Patriarca Latino de Jerusalém refletiu sobre a situação em Gaza, frisou dificuldades vividas na região e exortou fiéis a retornarem a peregrinar na Terra Santa
Da Redação, com Vatican News

Cardeal Pierbattista Pizzaballa / Foto: Latin Patriarchate of Jerusalem no YouTube
“É difícil ver uma solução a curto prazo”. Assim o Patriarca Latino de Jerusalém, Cardeal Pierbattista Pizzaballa, definiu a situação vivida em Gaza em um encontro na Igreja de São Francisco a Ripa, em Roma.
O cardeal diagnosticou que as feridas entre israelenses e palestinos são profundas, as populações estão confusas e as lideranças são fracas. “Este é o primeiro ponto a ser considerado e a partir do qual se deve partir”, sinalizou, expressando não resignação, mas uma consciência concreta de quão difícil é o caminho que leva à reconciliação e à paz.

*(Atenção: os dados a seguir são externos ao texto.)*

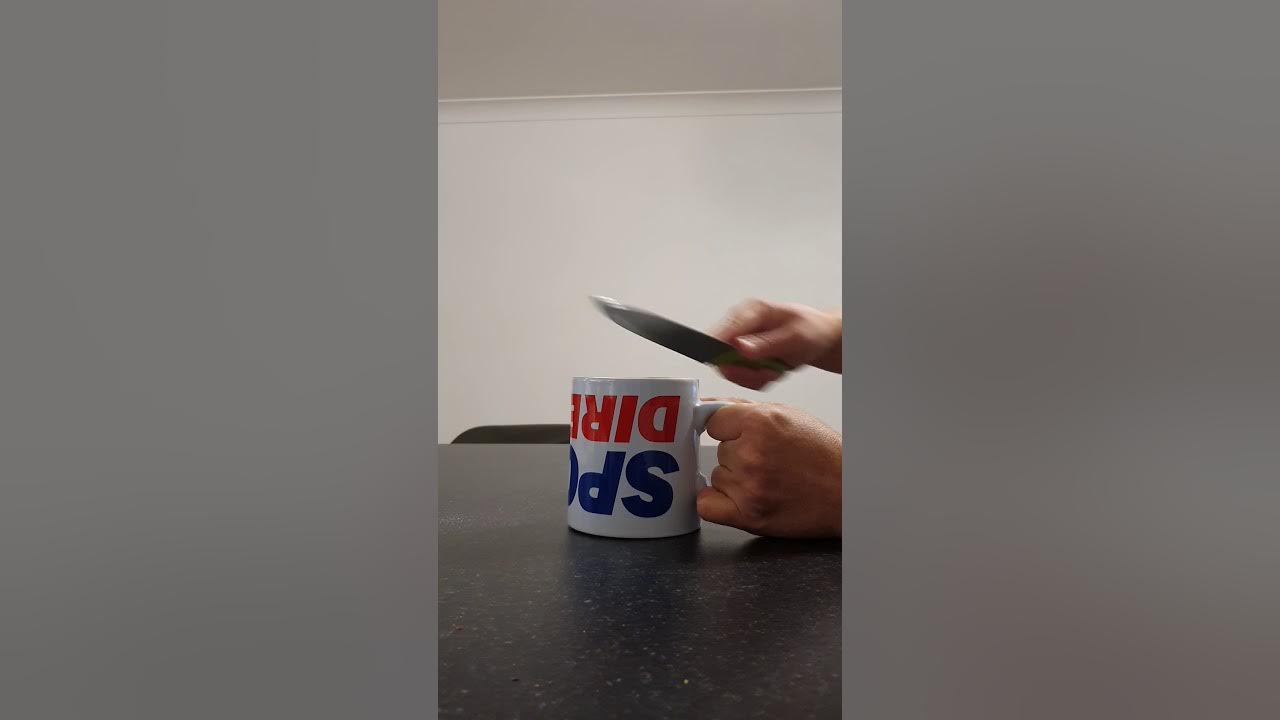 Sports Direct MUG, finally found a usage YouTube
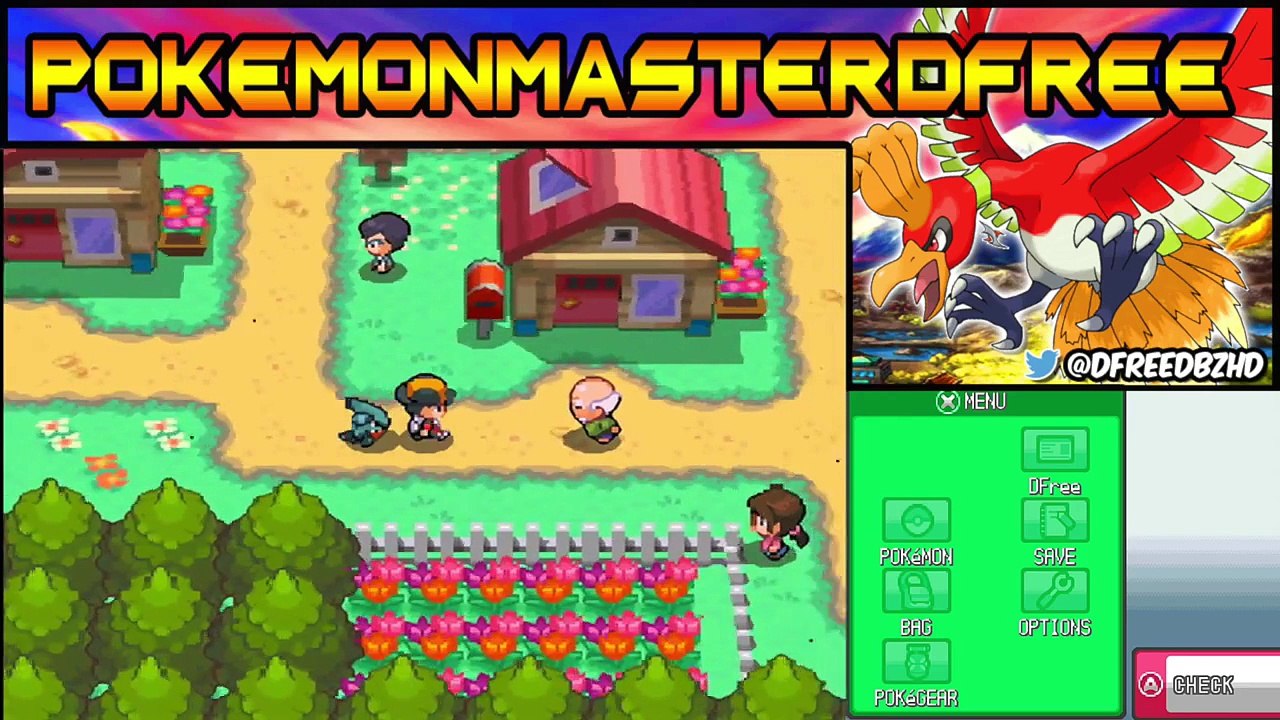 Pokemon Heart Gold Randomized Nuzlocke Lets Play Part 2 Jackass, The Rival!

Pizzaballa reconheceu que o dia 7 de outubro de 2024 e a guerra que se seguiu foram eventos sem precedentes. “Nós também não compreendemos imediatamente a dimensão do que tinha acontecido com o ataque do Hamas e, posteriormente, do que estava prestes a acontecer com a resposta das Forças de Defesa de Israel. Pensávamos em uma retaliação, como tantas outras que haviam ocorrido anteriormente, mas agora todos os parâmetros que conhecíamos haviam sido ultrapassados”, afirmou.
Dimensão religiosa
O Patriarca explicou, em sua fala, que a paz e a reconciliação são conceitos belíssimos, mas que correm o risco de permanecer slogans se não forem acompanhados hoje por ações e gestos concretos. “devemos estar conscientes de que, antes de tudo, é preciso criar oportunidades de encontro, bem como contextos culturais e sociais que, pouco a pouco, ajudem a pensar de maneira diferente. Palavras não são suficientes”, enfatizou.
O cardeal também disse que é preciso que as lideranças políticas e religiosas tenham visão e não baseiem na raiva e sede de vingança. “Para nós, da comunidade cristã, o importante nesta fase é estar presente, permanecendo fiéis a nós mesmos. A Terra Santa nos ensina que ser minoria não é um drama, se temos algo belo e grandioso a comunicar. E nós temos”, frisou.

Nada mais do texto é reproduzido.